TASK REQUIREMENTS: Set down only the lines from the one containing "Monkeynews Atari 8-bit" through the final line of the entries below, exactly as they stand, with no pictures.
[Opening DATA UNDER STUDY section]
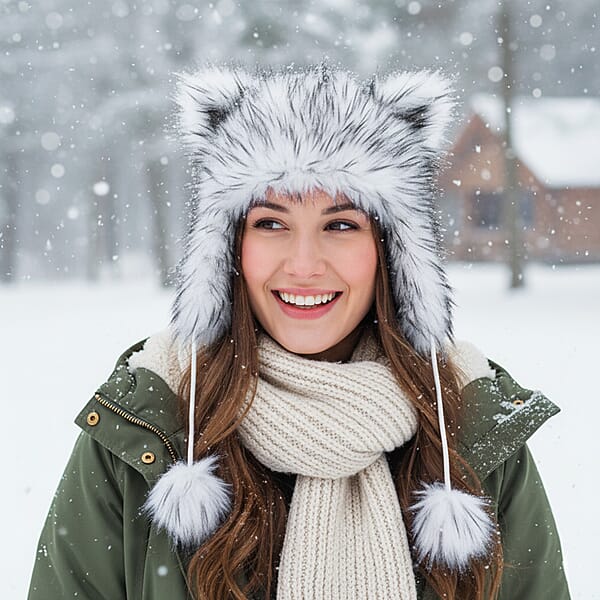 Tamsy White Hat With Bicolor Long Fur And Ears Decoration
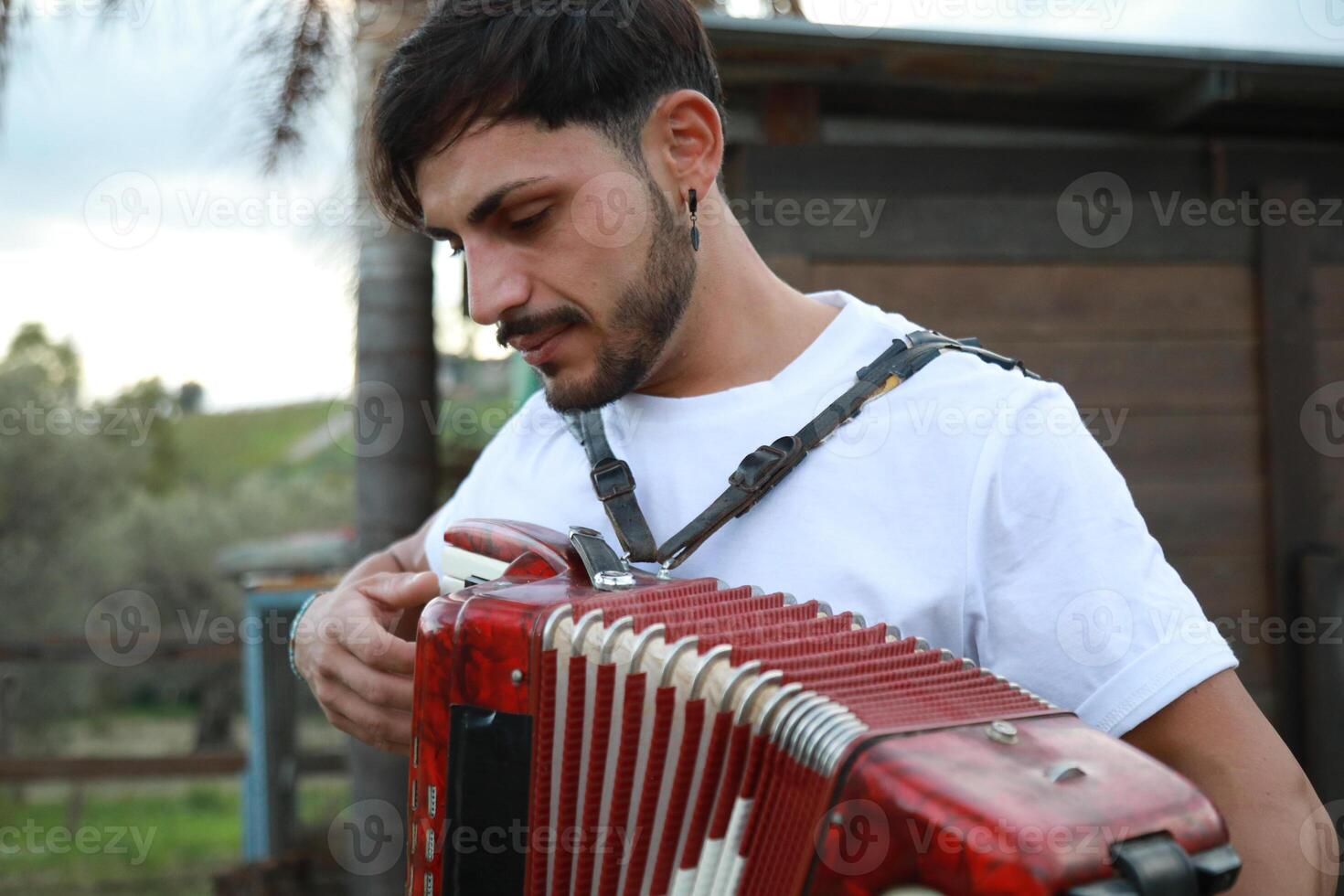 Musician Accordion Notes Enriching Rural Air photo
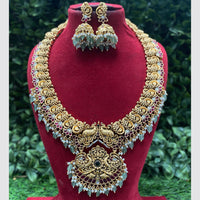 Amoliya Jewels Peacock Chic Pota Stone And Pearl Beautiful Long Necklace Set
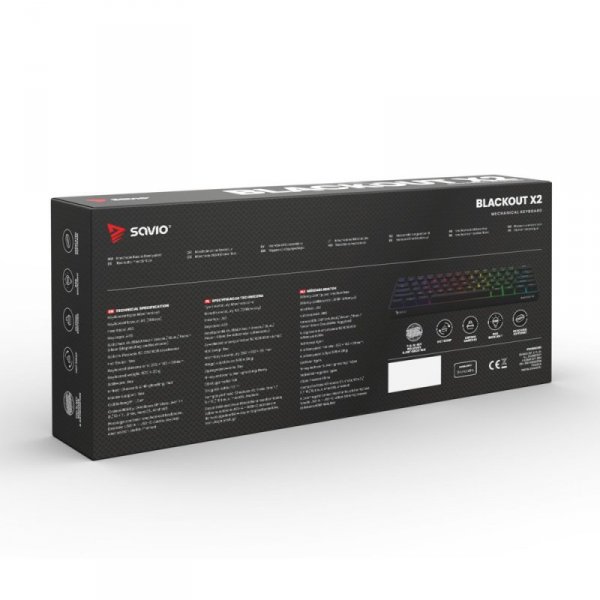 Savio Klawiatura mechaniczna BLACKOUT X2 OUTEMU Peach Silent, Hot Swap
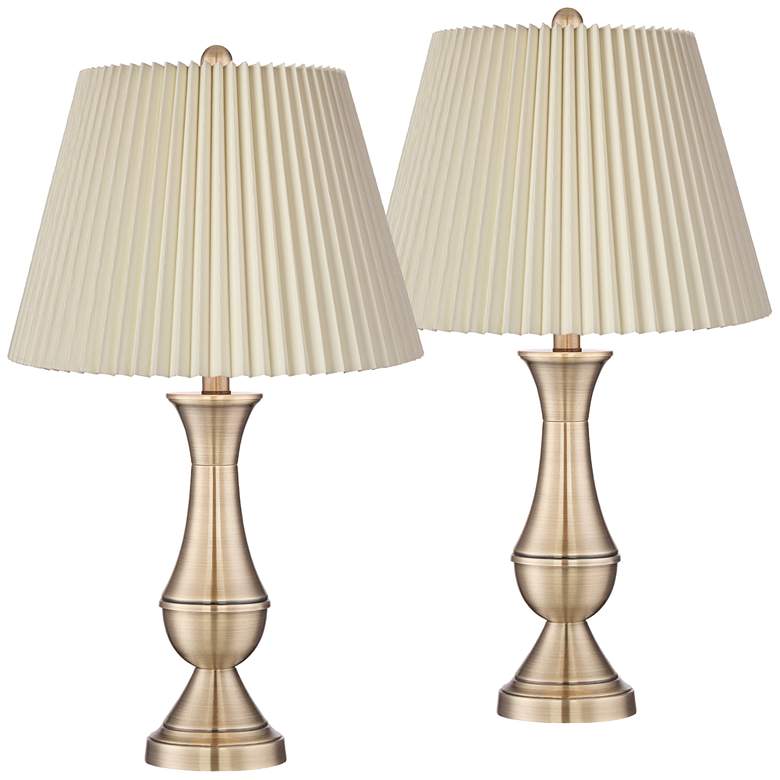 Image 1 Regency Hill Becky 24 3/4 inch Ivory Pleated Brass Table Lamps Set of 2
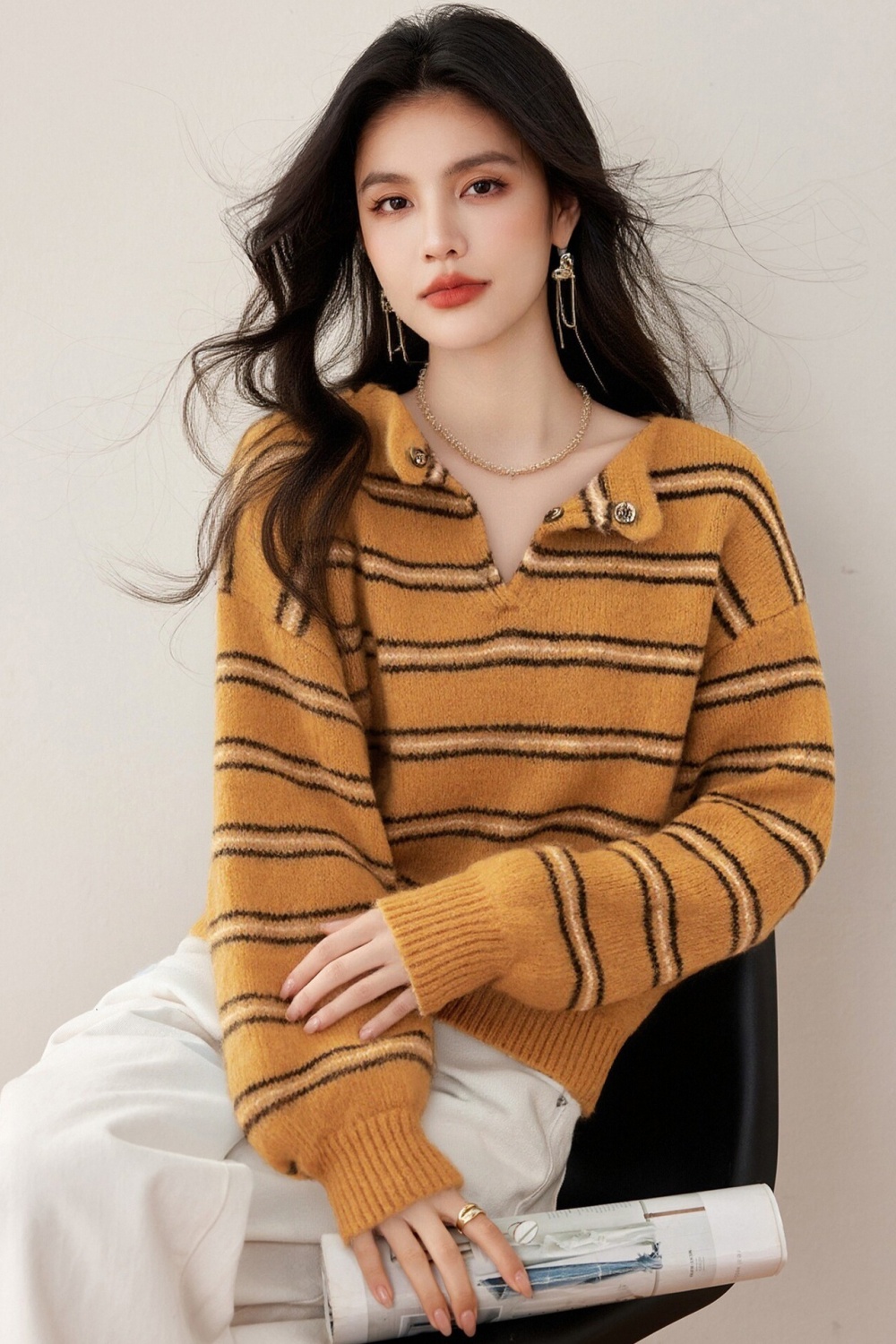 Stripe autumn tops retro tender sweater for women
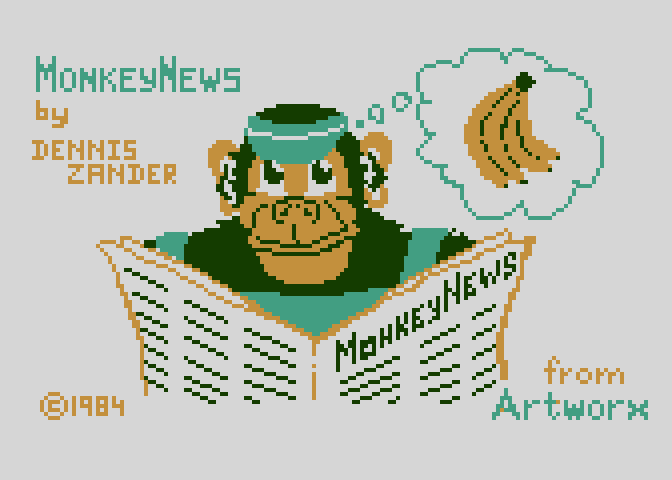 Monkeynews Atari 8-bit Screenshot: Title screen.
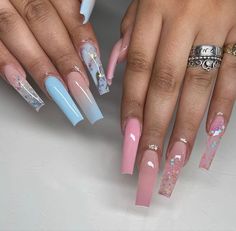 Maternity Nails, Gender Reveal Nails, Nails Photos, Daily Nails, Glamour Nails, Baby Nails, Long Acrylic Nails Coffin, Coffin Nails Long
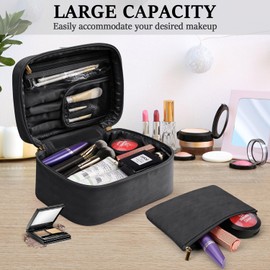 IGOLUMON Cosmetic Bag Large Toiletry Bag Waterproof Toiletry Bag for Travel Women's Makeup Bags for Women, black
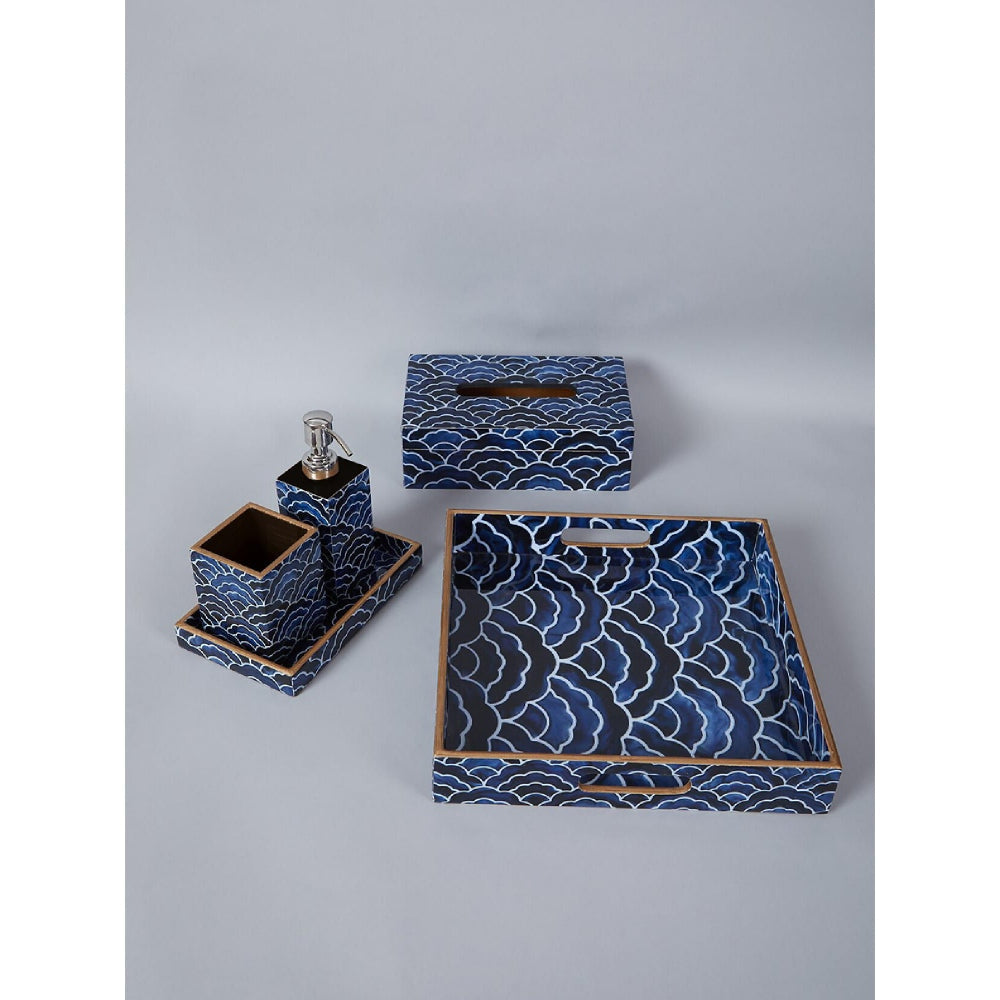 Assemblage Blue Bathroom Organiser (Set of 5)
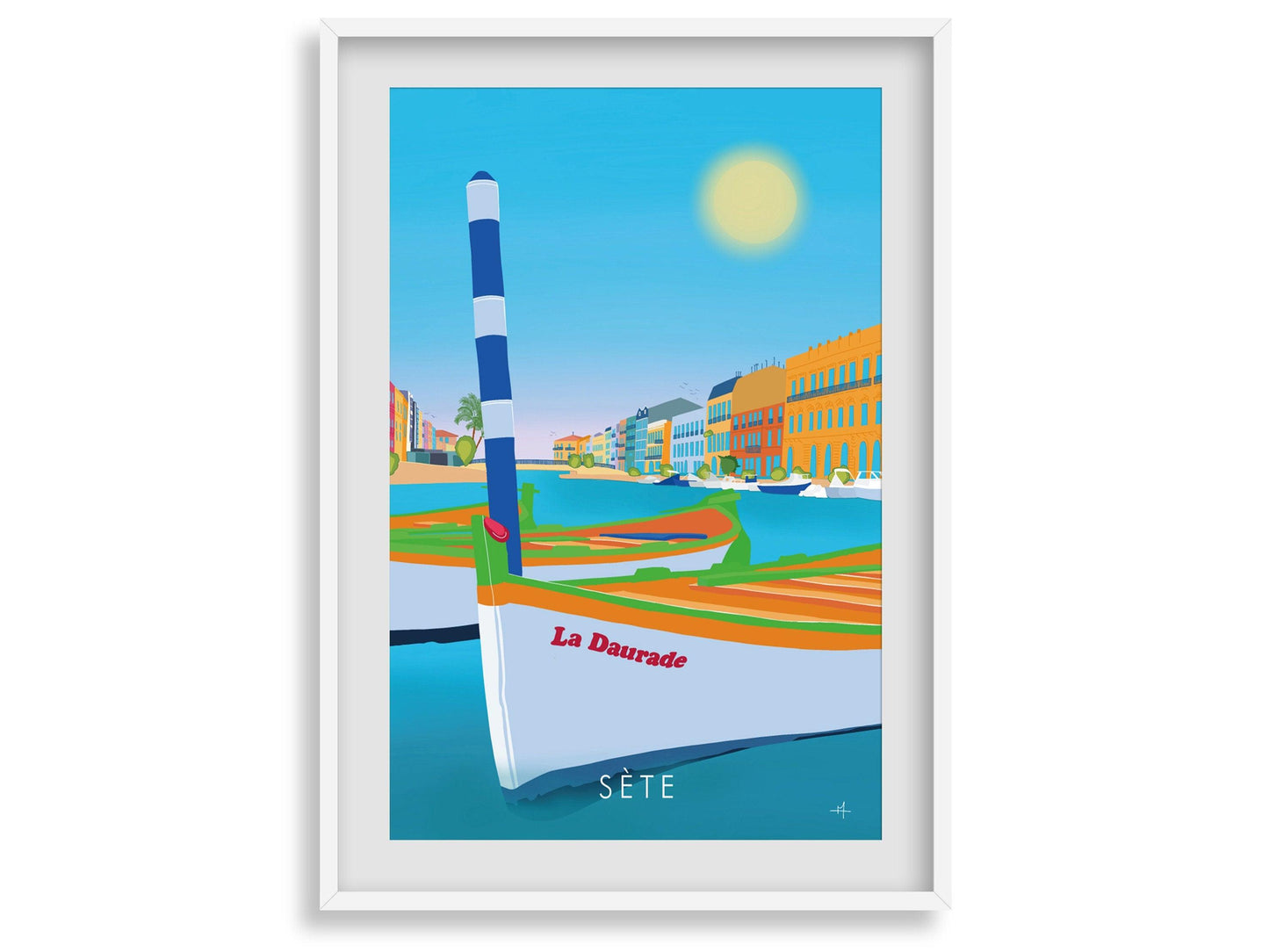 Sète - Hérault - France - vacances carte postale affiche - couleurs du sud - plage et soleil - méditerranée - souvenir cadeau été - Imagine.affiche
[Closing DATA UNDER STUDY section]
ANSWER BOX:
 Monkeynews Atari 8-bit Screenshot: Title screen.
 Maternity Nails, Gender Reveal Nails, Nails Photos, Daily Nails, Glamour Nails, Baby Nails, Long Acrylic Nails Coffin, Coffin Nails Long
 IGOLUMON Cosmetic Bag Large Toiletry Bag Waterproof Toiletry Bag for Travel Women's Makeup Bags for Women, black
 Assemblage Blue Bathroom Organiser (Set of 5)
 Sète - Hérault - France - vacances carte postale affiche - couleurs du sud - plage et soleil - méditerranée - souvenir cadeau été - Imagine.affiche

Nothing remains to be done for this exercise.